I just made this today, and it’s delicious! So easy, I made it during my 1 year old’s naptime!
I just finished making this jam – it is delicious! I doubled the batch and used rhubarb I purchased from the St. Paul Farmer’s Market yesterday. I didn’t use pectin and cooked it to 220 – it worked very well. This is definitely one I’ll make again.
Glad to hear it!
I’m a little confused – several people have made this, making reference to the pectin used . . . . I don’t see any pectin in the recipe or instructions. How much pectin am I to use, when do I add it? This combo sounds amazing and I have some rhubarb in my fridge ready to go!! please help.
There’s no need for pectin. My guess is that it has been removed from the original recipe. All you need is lemon juice for the jam to gel.
I made this the other day. It gelled perfectly with just the lemon juice, which I loved, but the flavor of the rhubarb was overpowered by lemon and rosemary. My lemons were particularly large and I accidentally included some peel in the initial cooking and then added extra at the end, which was probably a mistake. I took one sprig of rosemary out before the end of cooking, but it was still too much. In the future I would use just one sprig of rosemary, and I would hold back some of the lemon zest unless the lemons were unusually small.
Two of my husbands favorite flavors. Can’t wait to try it!
I just made this this afternoon, and it is one of the most delicious things I have ever tasted! I love experimenting with different rhubarb combinations.
Got a bunch of rhubarb this morning between a farmstand and my friend’s CSA, so gave this a whirl (ginger/cinnamon instead of rosemary). I think it’s more likely to be rhubarb sauce … phone rang at the WRONG time … pot tried to boil over … I think I killed the pectin :).
It’s going for 10 minutes in the water canner anyway. Tastes divine — and ice cream can ALWAYS use a fruity-gingery-citrusy-chunky sauce!
I’ve just made, from my second year of growing rhubarb, your Rosemary Rhubarb Jam. OMG!!
Can’t wait to try it on warm scones or over vanilla ice cream! Thank you!
Giving this another go tonite. Jarlifter in upright position. Apron protecting the bosom. Added a glug of gin to complement the rosemary.
Forgot to mention, my previous attempt, more sauce than jam, made an INSANE Greek yogurt semifreddo!!

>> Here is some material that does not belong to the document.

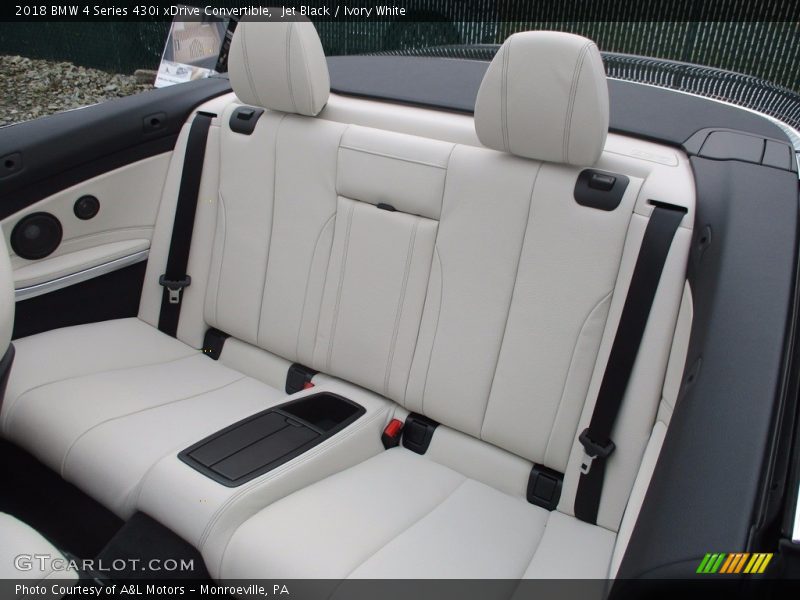 Jet Black / Ivory White 2018 BMW 4 Series 430i xDrive Convertible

I just made a batch of this because nothing else in my garden is quite ready to process. Also, I just kept staring at the rhubarb and couldn’t bring myself to make yet another crumble. THIS IS AMAZING. It was easy and sooo good. I made a second batch immediately and finally polished off my rhubarb. Thanks for the inspiration.
This might be a silly question, but do you add water (or any other liquids besides lemon juice) when making this recipe? Thanks. niina
Nope, no need to add any additional liquid. The sugar and heat will pull liquid out of the rhubarb and it will be plenty juicy.

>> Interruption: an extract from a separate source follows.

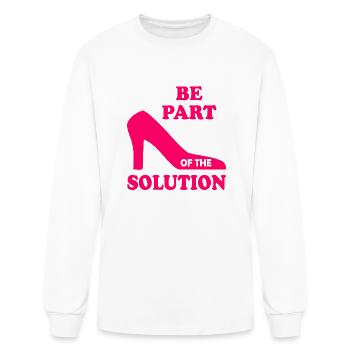 Be part of the solution - Men's Long Sleeve T-Shirt - white - Front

thanks, Marisa, I realized that once the mixture stood in sugar for a bit :). Could you help me with another question, please? I did this batch and a batch of your orange rhubarb butter yesterday. All cans have sealed, but both batches remain liquid and do not appear to thicken up. It’s that normal, or did I do something wrong? Can I add pectin to help them set?
thanks!
the canning newbie
If they didn’t set, you didn’t cook them long enough. You can remake it and the instructions are in this post: https://foodinjars.com/2011/08/canning-101-how-to-save-runny-jam/
However, I’d wait several more days before remaking it, because things typically will set up over time.
Mmmmm…this sounds yummy! Would you mind if I share it? I hope to make some rhubarb jam and would never have thought to add rosemary! Can’t wait to try it~
Hugs,
GraceinAZ
(Pat M)
Will something bad happen if some rosemary leaves get canned in with the jam?
I LOVE this recipe but am trying to cut down on processed sugar. Can this be made with honey instead? Will I need to add some pectin as a result?
It’s really a whole different recipe and process if you reduce the sugar and use Pomona’s Pectin to make it set. That said, you can certainly try it. Also, have you checked out my book Naturally Sweet Food in Jars? It might help you out if you’re trying to reduce processed sugar.
Please Help!
I’m trying to make the Rosemary Rhubarb jam. I’ve followed the recipe in the book, “Preserving By the Pint”. The first time my yield was two half pint jars, but I had to squeeze the liquid in the cheese cloth to get enough yield. The second time same thing, I followed what the recipe calls for (one pound of rhubarb, and weighed it, 1-1/2 cups of sugar, 1-1/2 cups of water, 1 T pectin). It turned out like kids gelatin. I can still warm it up and put it on ice cream I suppose.
Specifically dealing with this recipe, what am I missing? I’m getting frustrated.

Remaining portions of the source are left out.